Croydon’s tram line fully reopened on 15 August after engineers completed repairs to damage during the rioting earlier this month.
Inspection and testing carried out
They replaced 60m of overhead cabling and repaired “minor damage” to 10m of tracks, following a furniture store fire just seven days earlier.
Fears that the tracks were seriously damaged by the blaze at the adjacent Reeves store were allayed when engineers inspected the damage and found that the tracks did not need to be taken up. Repairs involved clearing rubble, checking for damage and testing tracks for safety.
A Transport for London spokesman said the tracks had appeared to be on fire at the time of the riots, but in fact it was the road sealing that was burning. This burning “did not cause the damage we feared”, he said.
Engineers’ inspection of the tram line was delayed by police work at the adjacent crime scene, and the subsequent demolition of the burned out furniture store.
Call for sprinklers in building design
Leading independent fire safety expert Fathi Tarada told NCE that the fire could have been “stopped at source” if sprinklers had been designed into the building. Tarada said sprinklers could have prevented the fire growing as large as it did, and said planners should examine the issue.
London mayor Boris Johnson announced a £50M regeneration fund to help restore and improve London town centres and high streets damaged by the riots, as well as a new £20M regeneration fund for Tottenham and Croydon, some of which will go toward transport infrastructure.

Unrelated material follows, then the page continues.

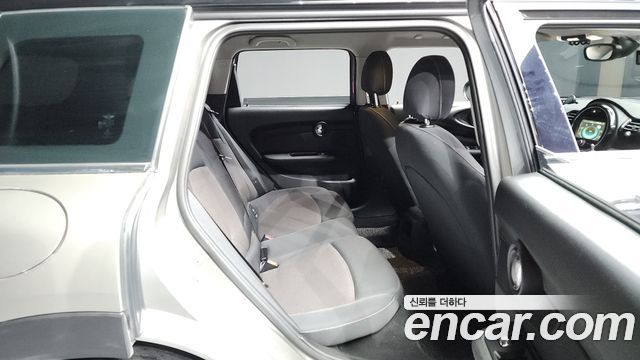 MINI Cooper Clubman Standard 2nd 2018 — фото 12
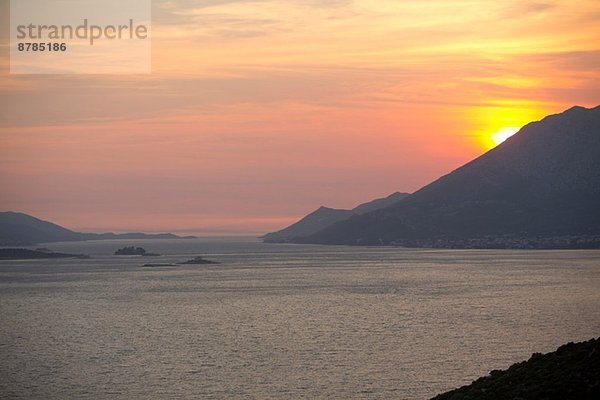 Sonnenuntergang über den Bergen und dem Meer  Orebic  Kroatien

The Association of British Insurers (ABI) estimated that the cost of insured losses and damage suffered by individuals and business victims of the riots would be well over £100M.
“Most commercial insurance policies will cover businesses for damage to their premises, including the interruption to their business as a result,” said ABI director of general insurance and health Nick Starling.
Work halted in Birmingham
Elsewhere, contractor Amey temporarily halted work on some of its projects for Birmingham City Council’s highways private finance initiative (PFI) during the riots, fearing for the safety of its workers and the public.
Thames Water reported a drop in water pressure in Croydon the morning after the riot there, due to “large amounts of water being used by the fire brigade”during the disturbance.